How the Mechanics of Schedule A Actually Worked
Let us be clear about the mechanics. A plaintiff would file a complaint against Schedule A Defendants, meaning the real defendants were listed in an exhibit rather than in the caption. The complaint named anywhere from a few hundred to several thousand seller accounts, mostly Chinese nationals selling goods on Amazon, eBay, Walmart, and similar platforms. The claims ranged from trademark infringement to copyright violation to design patent misuse, sometimes all three at once.
But here is where the scheme became abusive. The plaintiff would simultaneously file an ex parte motion for a temporary restraining order, meaning the defendants got no notice and no chance to be heard. The court would grant the TRO on an emergency basis. Within hours or days, Amazon would de-list the storefronts. PayPal would freeze the funds. Stripe would shut down the payment processing. The seller would lose their entire revenue stream before they even knew a lawsuit existed.

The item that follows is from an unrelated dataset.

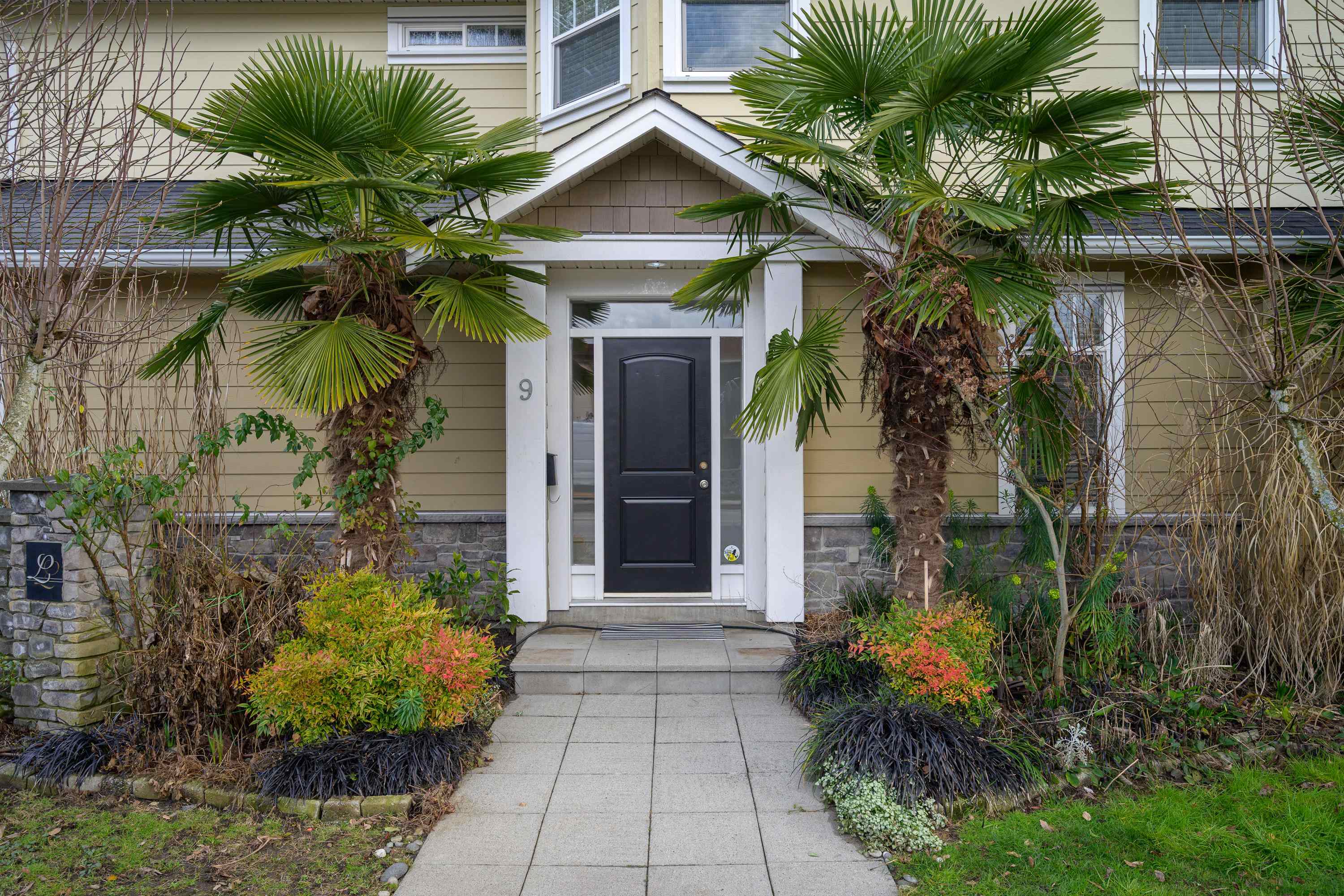 9 4780 55B STREET, R3168562, BC,
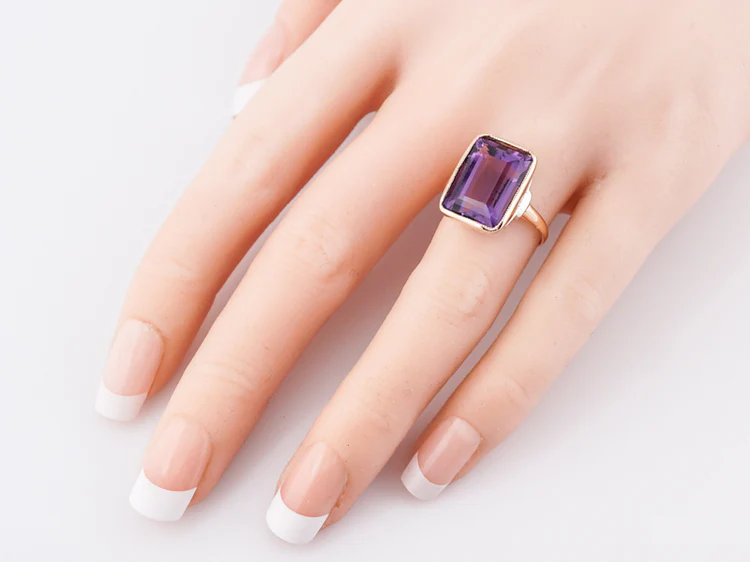 Vintage Cocktail Ring Retro 7.90 Emerald Cut Amethyst in 14k Yellow Gold - Image 6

The sealed record problem made it worse. Many courts sealed the complaint and case number at the plaintiff's request, ostensibly to protect "trade secrets" or preserve the element of surprise. The seller would discover their account suspension and have to hunt through court records to find out why. By the time they found the case number, a settlement demand was already in their inbox.
The leverage was entirely one-sided by design. The plaintiff controlled the timing, the secrecy, and the speed. The defendant was playing catch-up from day one. A Chinese seller with no U.S. attorney, no familiarity with federal procedure, and a frozen bank account is not in a negotiating position. They are in a capitulation position. And capitulation is exactly what the scheme was designed to achieve.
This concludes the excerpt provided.